● **Problem to work on**
Write each entry out again verbatim, pictures excluded.
/---
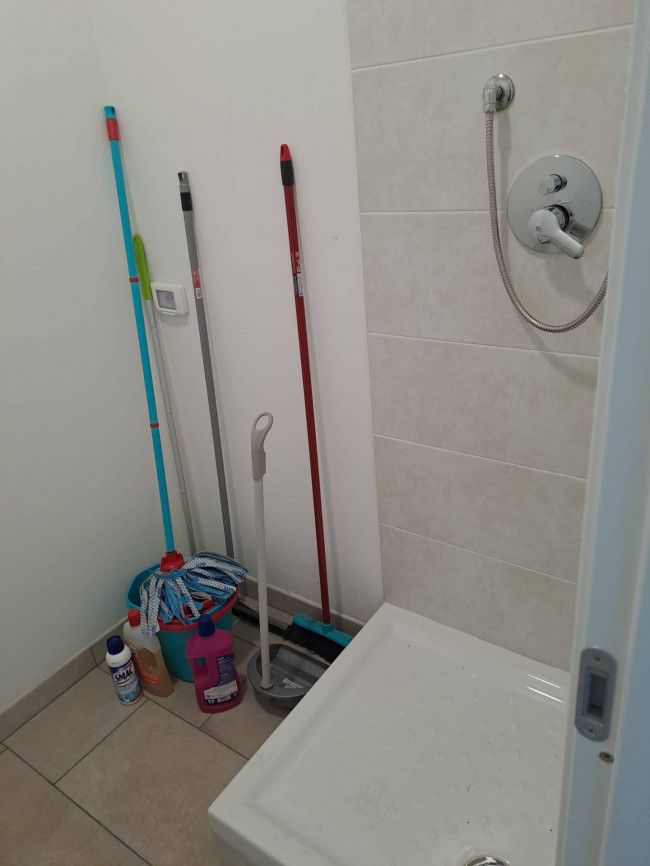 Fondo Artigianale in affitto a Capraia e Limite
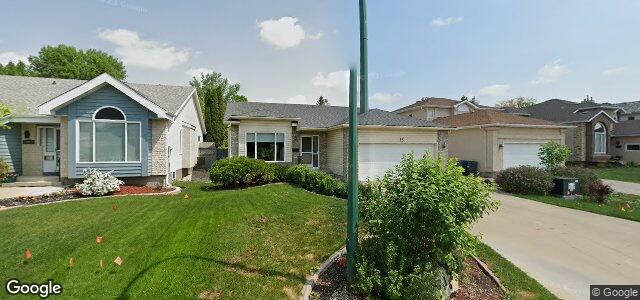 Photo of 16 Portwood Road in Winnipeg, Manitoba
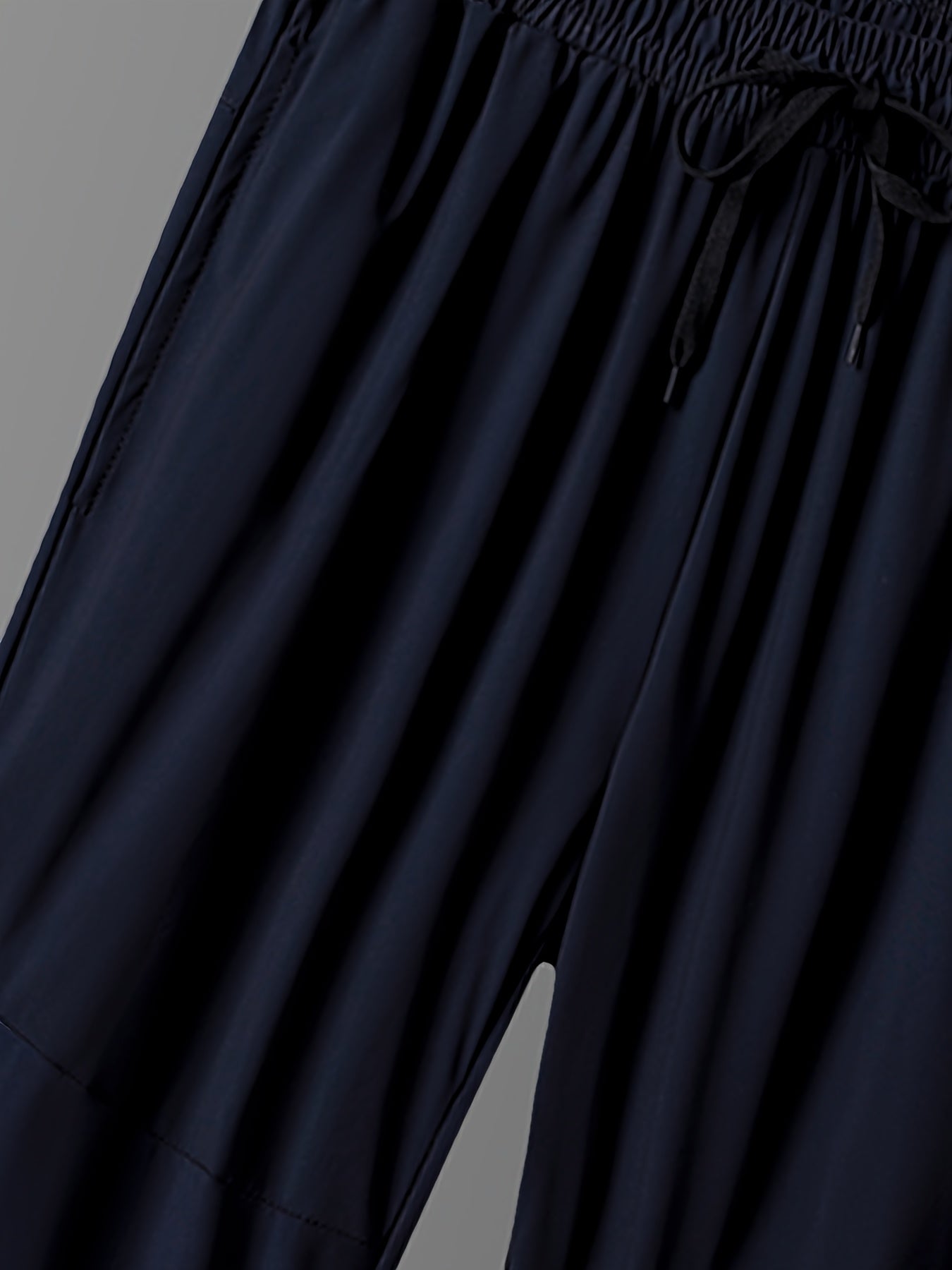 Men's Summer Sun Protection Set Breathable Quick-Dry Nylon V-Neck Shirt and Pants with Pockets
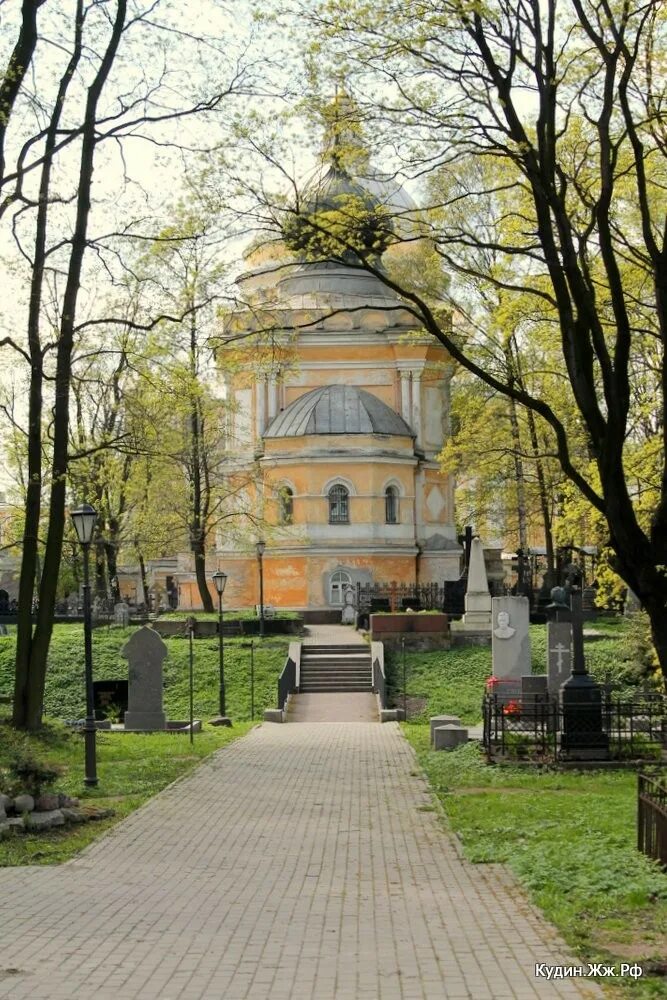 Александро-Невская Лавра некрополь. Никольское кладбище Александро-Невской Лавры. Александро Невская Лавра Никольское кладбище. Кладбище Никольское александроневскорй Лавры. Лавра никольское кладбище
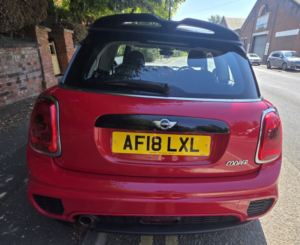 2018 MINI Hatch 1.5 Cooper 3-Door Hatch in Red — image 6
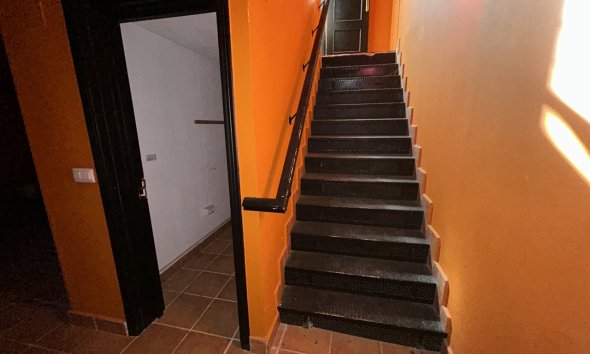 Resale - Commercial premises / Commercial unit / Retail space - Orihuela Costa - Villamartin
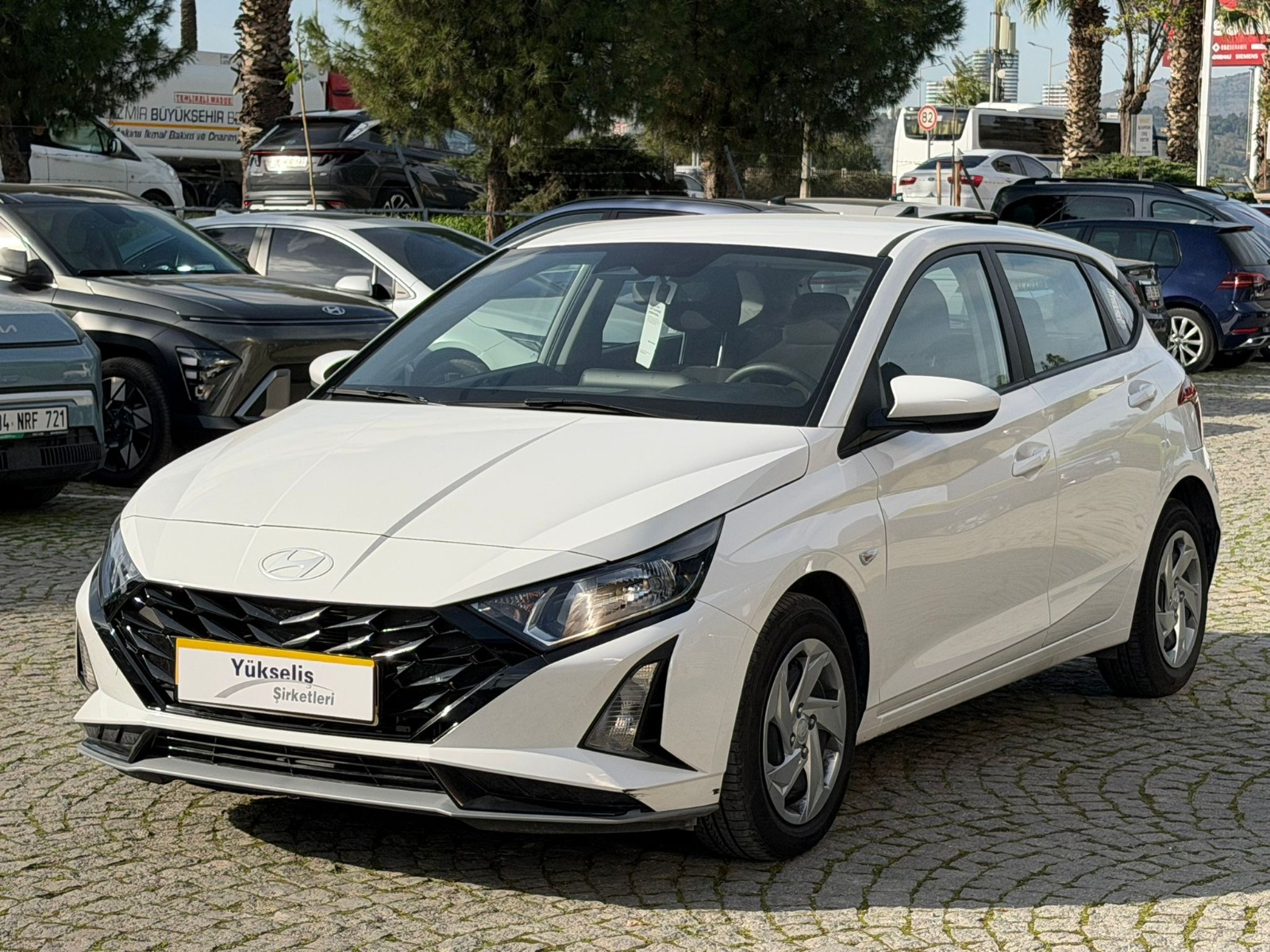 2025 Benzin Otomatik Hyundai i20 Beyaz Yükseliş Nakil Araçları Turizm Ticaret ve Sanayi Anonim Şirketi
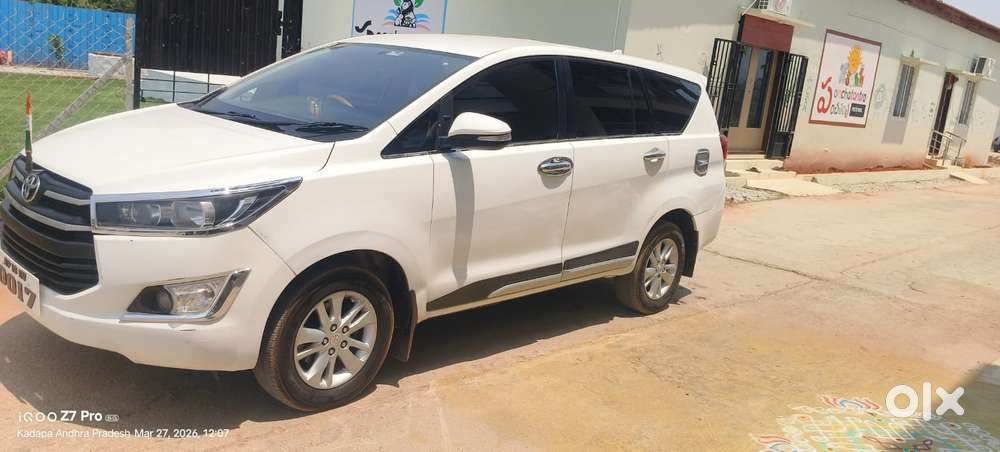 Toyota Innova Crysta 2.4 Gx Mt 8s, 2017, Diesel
\---
● **Result of the exercise**
 Fondo Artigianale in affitto a Capraia e Limite
 Photo of 16 Portwood Road in Winnipeg, Manitoba
 Men's Summer Sun Protection Set Breathable Quick-Dry Nylon V-Neck Shirt and Pants with Pockets
 Александро-Невская Лавра некрополь. Никольское кладбище Александро-Невской Лавры. Александро Невская Лавра Никольское кладбище. Кладбище Никольское александроневскорй Лавры. Лавра никольское кладбище
 2018 MINI Hatch 1.5 Cooper 3-Door Hatch in Red — image 6
 Resale - Commercial premises / Commercial unit / Retail space - Orihuela Costa - Villamartin
 2025 Benzin Otomatik Hyundai i20 Beyaz Yükseliş Nakil Araçları Turizm Ticaret ve Sanayi Anonim Şirketi
 Toyota Innova Crysta 2.4 Gx Mt 8s, 2017, Diesel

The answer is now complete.